In Levine's Quantum Chemistry textbook the Heaviside step function is defined as:

$$H(x-a)=1,x>a$$
$$H(x-a)=0,x<a$$
$$H(x-a)=\frac{1}{2},x=a$$​

Dirac delta function is:

$$\delta (x-a)=dH(x-a) / dx$$​

Now, the integral:

$$\int ^{\infty}_{-\infty}f(x)\delta (x-a)dx$$​

Is evaluated using integration by parts considering

$$u=f(x), du=f'(x)$$
$$dv=\delta (x-a)dx, v=H(x-a)$$​

We have then:
$$\int ^{\infty}_{-\infty}f(x)\delta (x-a)dx=f(x)H(x-a)|^{\infty}_{-\infty}-\int ^{\infty}_{-\infty}H(x-a)f'(x)dx$$

$$\int ^{\infty}_{-\infty}f(x)\delta (x-a)dx=f(\infty)-\int ^{\infty}_{-\infty}H(x-a)f'(x)dx$$​

Since $$H(x-a)$$ vanishes for $$x<a$$, the integral becomes:

$$\int ^{\infty}_{-\infty}f(x)\delta (x-a)dx=f(\infty)-\int ^{\infty}_{a}H(x-a)f'(x)dx=f(\infty)-\int ^{\infty}_{a}f'(x)dx$$​

This is the point where my question arrives. $$H(x-a)$$ is considered to have a value of unity for all the integral and that's why it is pulled out of the integral as a constant, however the lower bound of the integral is $$a$$ and in this point $$H(x-a)=1/2$$. Could you please tell me if the following explanation is correct?

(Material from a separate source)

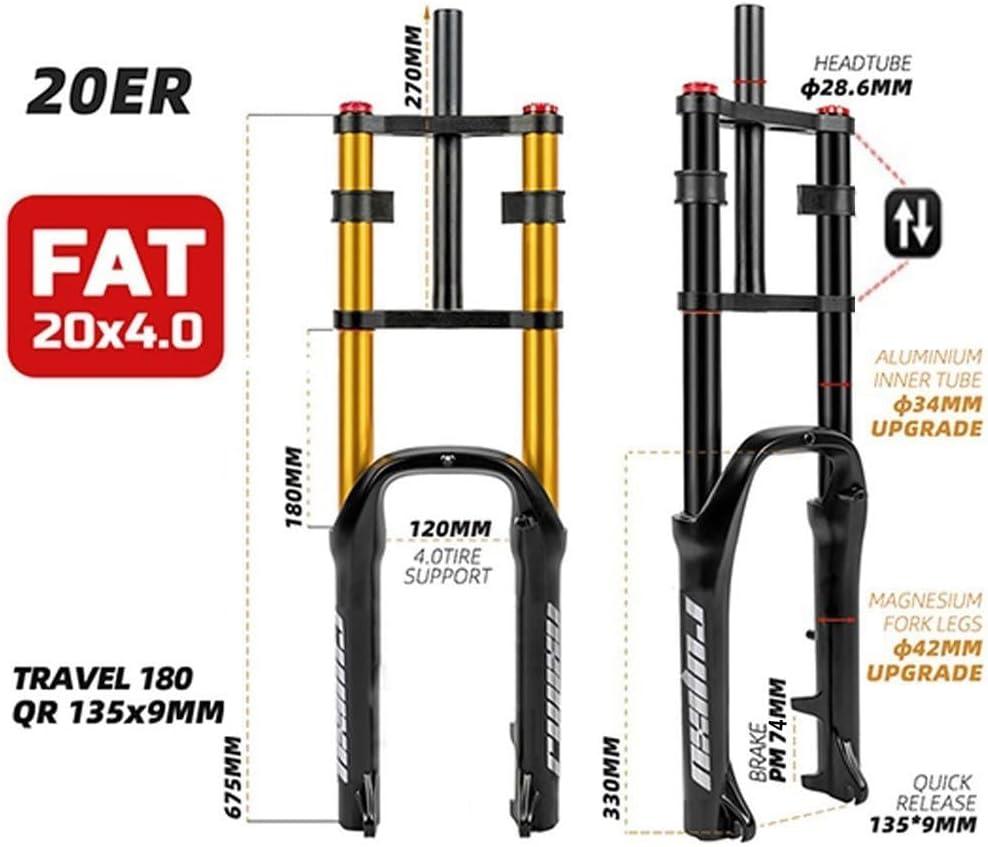 20 Inch Fat Fork 4.0' Tire Disc Brake Travel 140mm MTB Bike Air Suspension Fork 1-1/8' DH Rebound Adjustment QR Electric Bicycle Front Fork 9x135mm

I think that because in all the integral, except in $$a$$, $$H(x-a)=1$$ and since the upper bound is infinity the value of the integral at the point $$a$$ can be ignored.

If I'm wrong, any suggestion for correcting my explanation will be appreciated.